Note that besides slicing, another major part of the performance boost in fastcsv is in minimizing GC allocations.  If you allocate a string for each field in a row, it will be much slower than if you either sliced the original string, or if you allocated a large buffer for holding the data and just take slices for each field.  Furthermore, if you allocate a new array per row to hold the list of fields, it will be much slower than if you allocate a large array for holding all the fields of all the rows, and merely slice this array to get your rows. Of course, you cannot know ahead of time exactly how many rows there will be, so the next best thing is to allocate a series of large arrays, capable of holding the field slices of k rows, for sufficiently large k. Once the current array runs out of space, copy the (partial) slices of the last row to beginning of a new large array, and continue from there.

This way, you will be making n/k allocations, where n is the number of rows and k is the number of rows that fit into each buffer, as opposed to n allocations. For large values of k, this greatly reduces the GC load and significantly speeds things up.  Again, don't take my word for it. Run a profiler on the fastcsv code and see for yourself.

T

-- 
People say I'm indecisive, but I'm not sure about that. -- YHL, CONLANG

June 04, 2017

Re: std.csv Performance Review

Posted by Patrick Schluter
in reply to H. S. Teoh

Patrick Schluter

Posted in reply to H. S. Teoh

On Sunday, 4 June 2017 at 06:15:24 UTC, H. S. Teoh wrote:
> On Sun, Jun 04, 2017 at 05:41:10AM +0000, Jesse Phillips via (Note that this is much less of a limitation than it seems; for example you could use std.mmfile to memory-map the file into your address space so that it doesn't actually have to fit into memory, and you can still take slices of it. The OS will manage the paging from/to disk for you. Of course, it will be slower when something has to be paged from disk, but IME this is often much faster than if you read the data into memory yourself.

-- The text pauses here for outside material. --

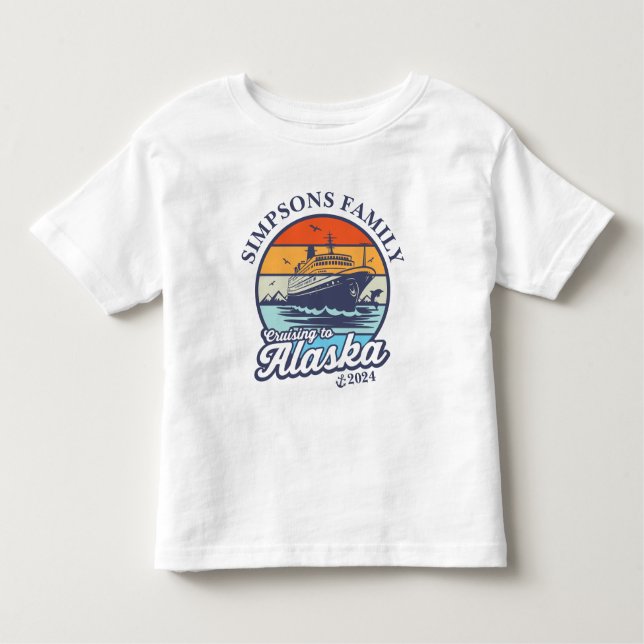 Kreuzfahrt zur Alaska Custom Family Matching Group Kleinkind T-shirt (Vorderseite)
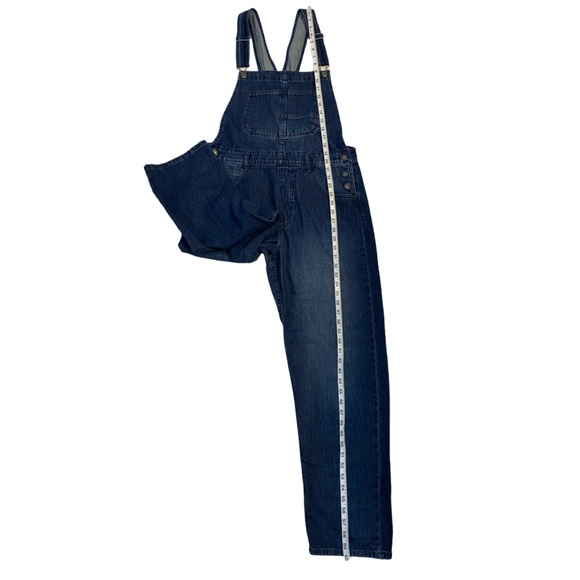 Free People NWT We The Free Ziggy Denim Overalls Size M Short Version - Picture 13 of 15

If the file is in the file cache of the kernel, memory mapping does not need to reload the file as it is already in memory. In fact, calling mmap() changes only the sharing of the pages in general. That's where most of the performance win from memory mapping comes from.

This stackoverflow [1] discussion links to a realworldtech discussion with Linus Torvalds explaining it in detail. On windows and Solaris the mechanism is the same.

[1] https://stackoverflow.com/questions/5902629/mmap-msync-and-linux-process-termination/6219962#6219962

June 04, 2017

Re: std.csv Performance Review

Posted by Patrick Schluter
in reply to Patrick Schluter

Patrick Schluter

Posted in reply to Patrick Schluter

On Sunday, 4 June 2017 at 06:54:46 UTC, Patrick Schluter wrote:
> On Sunday, 4 June 2017 at 06:15:24 UTC, H. S. Teoh wrote:
>> On Sun, Jun 04, 2017 at 05:41:10AM +0000, Jesse Phillips via (Note that this is much less of a limitation than it seems; for example you could use std.mmfile to memory-map the file into your address space so that it doesn't actually have to fit into memory, and you can still take slices of it. The OS will manage the paging from/to disk for you. Of course, it will be slower when something has to be paged from disk, but IME this is often much faster than if you read the data into memory yourself.
>
> If the file is in the file cache of the kernel, memory mapping does not need to reload the file as it is already in memory. In fact, calling mmap() changes only the sharing of the pages in general. That's where most of the performance win from memory mapping comes from.
To be precise, it's the copying of data that is spared by mmap. If the file is in the file cache, the open/read/write/close syscalls will also be fed from the memory mapped cache entry, but this requires that the data is copied from the kernel memory space to the processes buffer space. So each call to read will have to do this copying. So the gain from mmap comes for avoiding the copy of memory and avoiding the syscalls read/write/seek. The loading in memory of the physical file is the same in both cases.


>
> This stackoverflow [1] discussion links to a realworldtech discussion with Linus Torvalds explaining it in detail. On windows and Solaris the mechanism is the same.
>
> [1] https://stackoverflow.com/questions/5902629/mmap-msync-and-linux-process-termination/6219962#6219962

June 04, 2017

Re: std.csv Performance Review

Posted by Anonymouse
in reply to Jesse Phillips

Anonymouse

Posted in reply to Jesse Phillips

On Saturday, 3 June 2017 at 04:25:27 UTC, Jesse Phillips wrote:
> Even though the issue can be ignored, the overhead of parsing to identify issues still remains. I haven't attempted write the algorithm assuming proper data structure so I don't know what the performance would look like, but I suspect it isn't negligible. There is also likely some overhead for providing the tokens through range interfaces.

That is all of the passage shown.